There are occasions where it isn’t feasible or desirable to store our entity as a single document in RavenDB. A question that just came up was how to design votes for an entity using RavenDB.

The scenario is simple, we have our entity, Question (think stack overflow), which can have Up/Down votes. It would be very easy to design the system using a single document for the entity, like so:

{ //document id: questions/123
   Title: "How to handle Up/Down votes with Raven?",
   Content: "...",
   Votes: [
         { Up: true, User: "users/ayende" },
         { Up: false, User: "users/oren" },
  ]
}

As usual, the problem begins when you start to consider what happens when you want to deal with questions that may have large number of votes, or the common scenario where you just want to display the vote totals, and not pull the entire document to get that.

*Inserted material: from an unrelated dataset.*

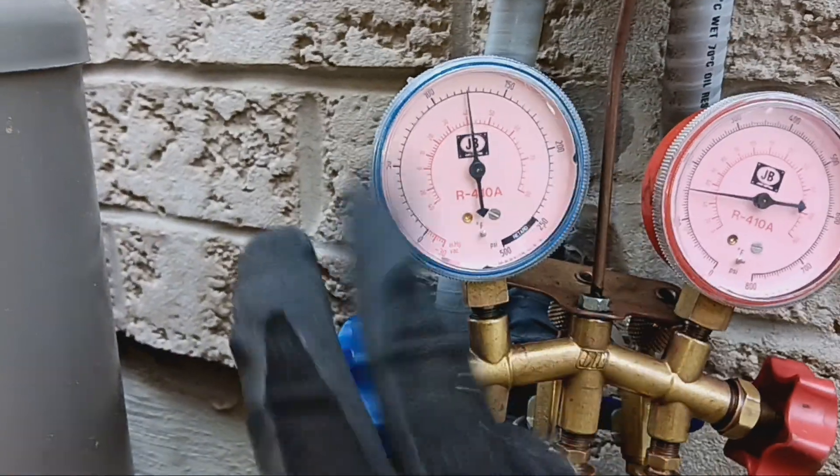Both sides are now closed. We've swept all the refrigerant back in the line and now I'm good to remove my gauges. That's all there is to it, folks.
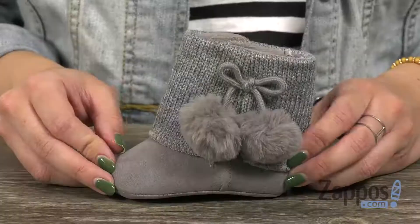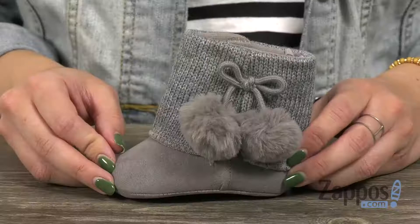Hey guys, Autumn from Zappos here, and this is the soft sole sweater boot with pom-poms from Baby Deer. These little boots are so cute and perfect for those winter pictures that you're gonna be taking.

One option is to split things up. I guess you figured that out from the title of this blog post. The idea is to change the document structure to be:

{ //document id: questions/123
   Title: "How to handle Up/Down votes with Raven?",
   Content: "...",
}

{ //document id: questions/123/votes
   Votes: [
         { Up: true, User: "users/ayende" },
         { Up: false, User: "users/oren" },
  ]
}

Note that we have two separate documents here. Now we can load just the questions, or the questions and the votes. We still have a problem with getting the totals without loading potentially thousands of votes. It is pretty easy to solve this, however, using the following index:

from voteDoc in docs.VoteDocs
from vote in voteDoc.Votes
group vote by vote.Up into g
select new { Up = g.Key, Count = g.Count() }

Now we can query the index directly, to get the aggregated results:

session.LuceneQuery<VoteTotals>("Questions/VoteTotals")
            .SelectFields("__document_id", "Up", "Count")
            .ToList();

And if we want to get the votes themselves, they are easily available as well.

Comments

gandjustas
09/29/2010 10:42 AM by
gandjustas

It looks like relational tables and join in view\function\storedproc, isn't it? ;)

Benny Thomas
09/29/2010 10:43 AM by
Benny Thomas

Is it just me, or does your index use the unsplited document in this sample?

configurator
09/29/2010 11:33 AM by
configurator

A feature I'd like to see is the indexes updating entities, i.e.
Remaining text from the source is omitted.